Items listed in a dataset:

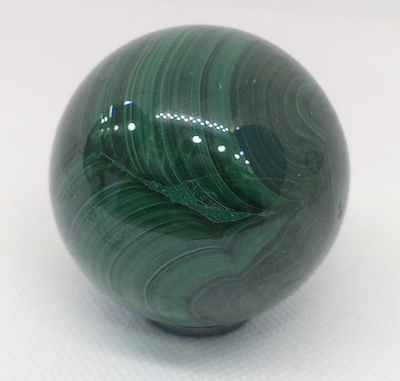 Сувенирный шар из малахита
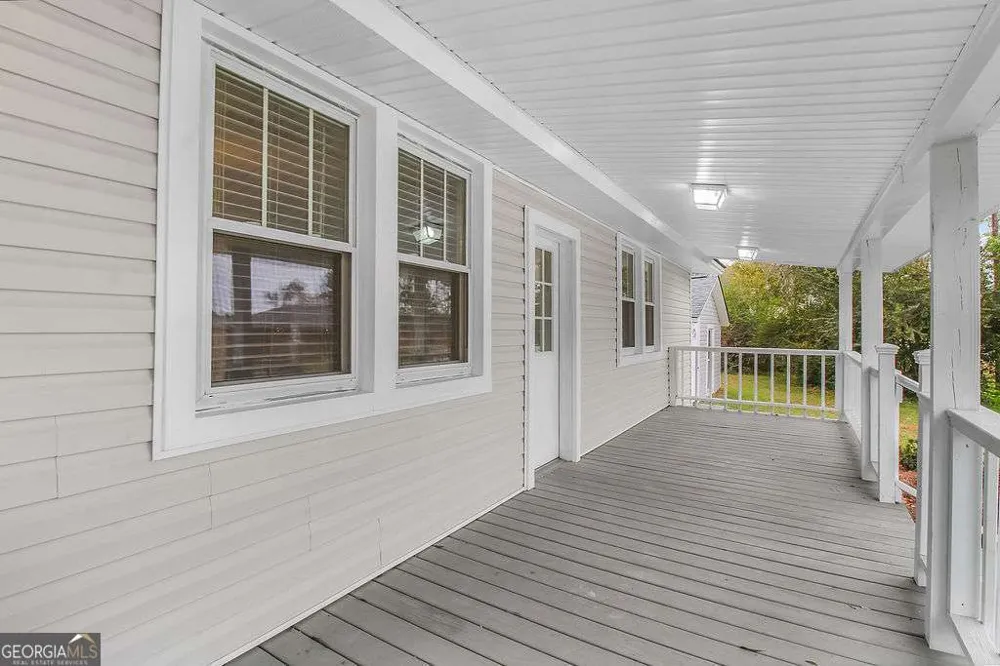 373 S Main ST Pembroke, GA 31321
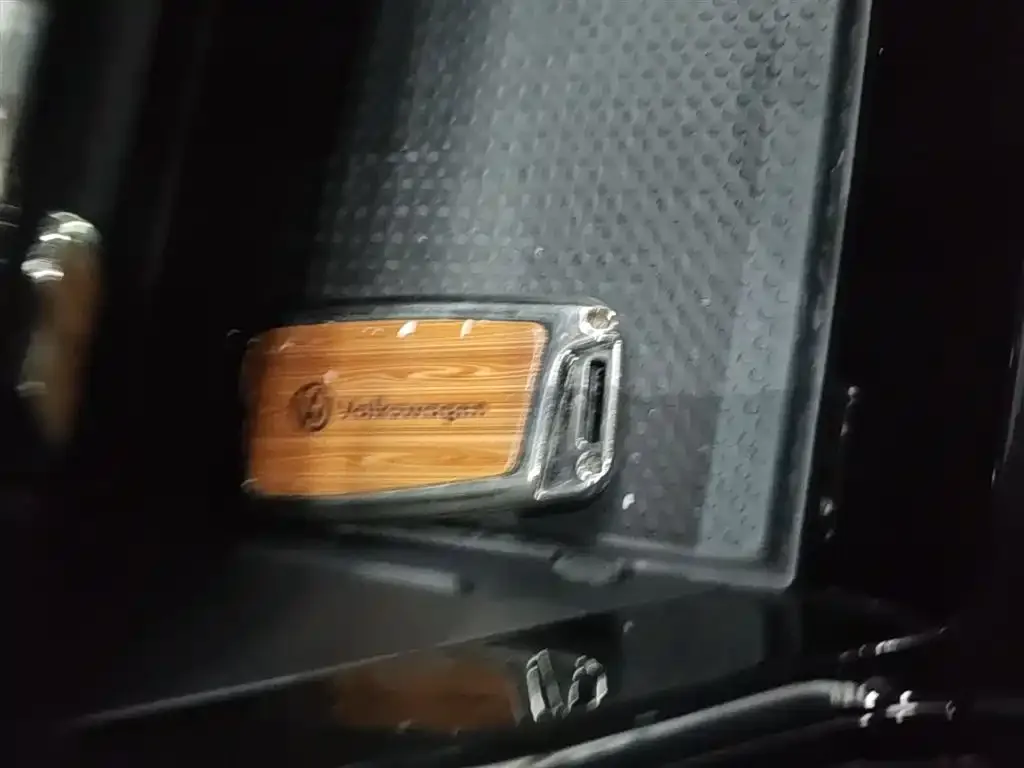 Volkswagen 帕萨特插电混动 — фото 2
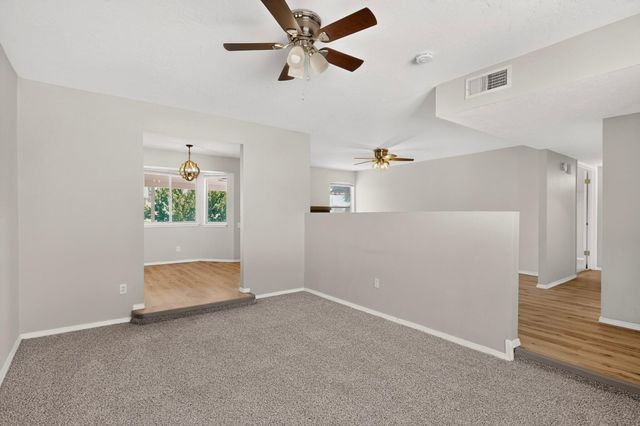 6424 Louise Place NE, Albuquerque, NM 87109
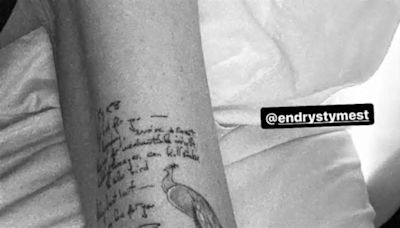 Kate Beckinsale displays new tattoo in apparent tribute to late TV actor dad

*WORK INSTRUCTION*
Hand back all the entries exactly, leaving out the pictures.

*ANSWER SPACE*
 Сувенирный шар из малахита
 373 S Main ST Pembroke, GA 31321
 Volkswagen 帕萨特插电混动 — фото 2
 6424 Louise Place NE, Albuquerque, NM 87109
 Kate Beckinsale displays new tattoo in apparent tribute to late TV actor dad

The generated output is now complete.